Ford Puts more spending online

Ford Motor Company's Mercury division is kicking off a multi-year campaign in which 25 percent of spending will go to digital and experiential marketing -- with the bulk going online.
The "New Doors Opened" campaign, for which spending was not disclosed, is designed to support the launch of six Mercury products over four years. New models include the Mercury Mariner, a compact sport utility vehicle, which will debut next month, and the Mercury Montego, a new mid-size sedan.
"A strategic decision was made to employ the Internet in a way like we have never done before," said John Fitzpatrick, Lincoln Mercury general marketing manager. "For this campaign, we are dedicating nearly 25 percent of our total marketing communications budget to digital and consumer relationship events, which represents a substantial commitment when compared to prior launches."
The company wouldn't break out exactly how much would be spent online versus on experiential marketing efforts, but one executive estimated that about 16 percent of spend would go online. That's compared to between 3 and 6 percent of spending that has occurred online in previous campaigns, company officials said.

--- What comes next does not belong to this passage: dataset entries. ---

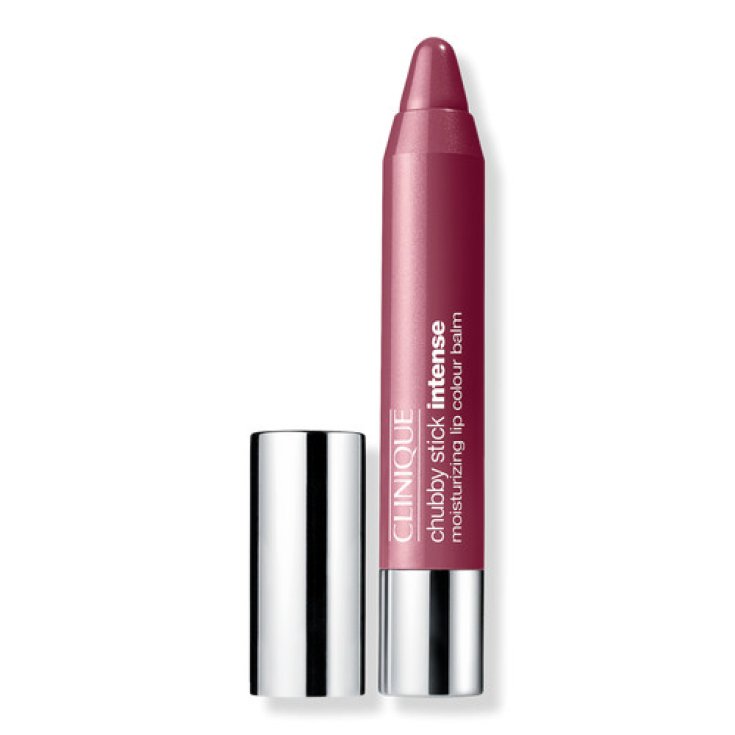 Estee Lauder Chubby Stick Balsamo Labbra Idratante - 30 Broadest Berry
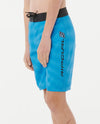 RIP CURL SHOCK WAVE BOARDSHORT-BOY - NORTHERN BLUE
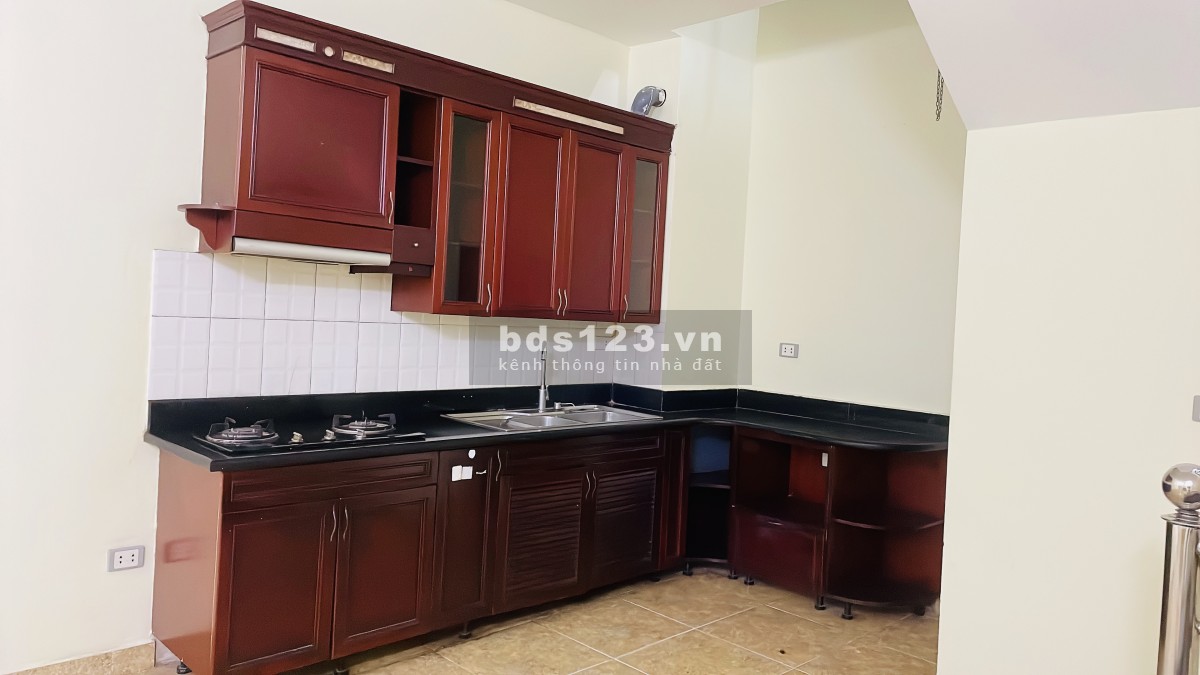 Chính chủ cần cho thuê nhà nguyên căn ngõ 639 Hoàng Hoa Thám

Because Mercury has long been thought of as a stodgy brand for older drivers, the new campaign is aimed at changing that image and attracting younger consumers.
"We're trying to attract a new and different type of customer to the brand," explains Linda Perry-Lube, e-business and CRM manager for Lincoln Mercury. "To build this new brand awareness, we needed to do it in new ways, not in traditional ways. Not just in the automotive space, either."
Offline, a major component of the campaign will be an original song, "It's My Life," composed and sung by Grammy winning artist Paula Cole and produced by Grammy winner Don Was. Cole is best known for singles like "Where Have All The Cowboys Gone?" and "I Don't Want to Wait," which was also used as the theme to "Dawson's Creek." Thirty-second television spots will use several different versions of the song. The company will also leverage that song online by making an MP3 version of it available on its Web site.
"Right now, that will be the way to get [the song]," said Sara Tatchio, a spokesperson for Lincoln Mercury. "It is a song not written to be a car song, but to be a song that conveys our feeling and our messaging."
Online, the "New Doors Opened" effort will revolve around a redesign for the Mercury brand's site to be launched in October. The site, which the company describes as "magazine-like" in appearance, will feature video, computer graphics, and a lot of Flash. Many of the site's video elements will tell stories and link back to the television spots.
"It will be far more photography-intensive than you would normally have, and the images will be used in a non-traditional way," said Perry-Lube. "We really kind of wanted to break out of the typical paradigm of what the automotive Web site looks like. They are, in our opinion, getting kind of commoditized and starting to all look alike."
Online advertising will begin to appear on September 13 in conjunction with a teaser brand campaign in print and on TV. Ads will appear on lifestyle-oriented Web sites like epicurious.com, foodnetwork.com, Yahoo!, MSN, weather.com and others.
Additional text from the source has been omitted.